Here's an excerpt from my environment.yml:
name: my-project
channels:
- pytorch-nightly
- defaults
dependencies:
- pytorch=1.13.0.*
- pip:
- https://github.com/explosion/spacy-models/releases/download/nb_core_news_md-3.3.0/nb_core_news_md-3.3.0-py3-none-any.whl
prefix: ~/opt/miniconda3/envs/my-project
When I create my environment (conda env create -f environment.yml) and re-export it to environment.yml (conda env export > environment.yml), the file gets changed:
name: my-project
channels:
- pytorch-nightly
- defaults
dependencies:
- pytorch=1.13.0.dev20220614=py3.9_0
- pip:
- nb-core-news-md==3.3.0
prefix: ~/opt/miniconda3/envs/my-project
Then, when I re-create my environment the next day, Conda complains that pytorch=1.13.0.dev20220614=py3.9_0 does not exist because it was replaced by a new PyTorch Preview (Nightly) build. dev20220614=py3.9_0 is no longer available.

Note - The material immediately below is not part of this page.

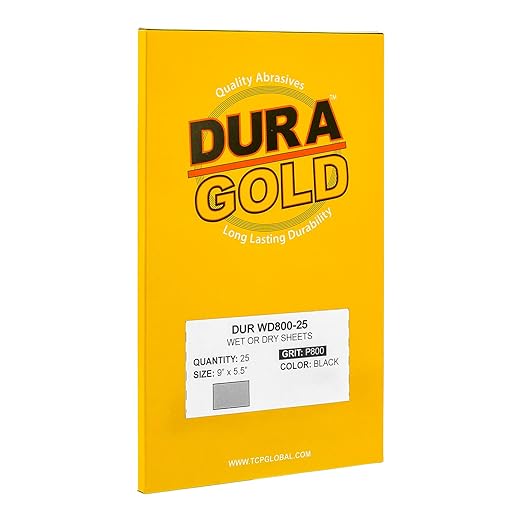 Dura-Gold Premium 800 Grit Wet or Dry Sandpaper Sheets, 5-1/2" x 9", Box of 25 - Image 3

Conda also complains that nb-core-news-md==3.3.0 does not exist. It was installed via a URL directly to the whl. That URL was removed from the environment.yml.
How can I prevent conda env export from changing these two dependencies? I still want Conda to lock down the specifics for all other dependencies, just not for these two.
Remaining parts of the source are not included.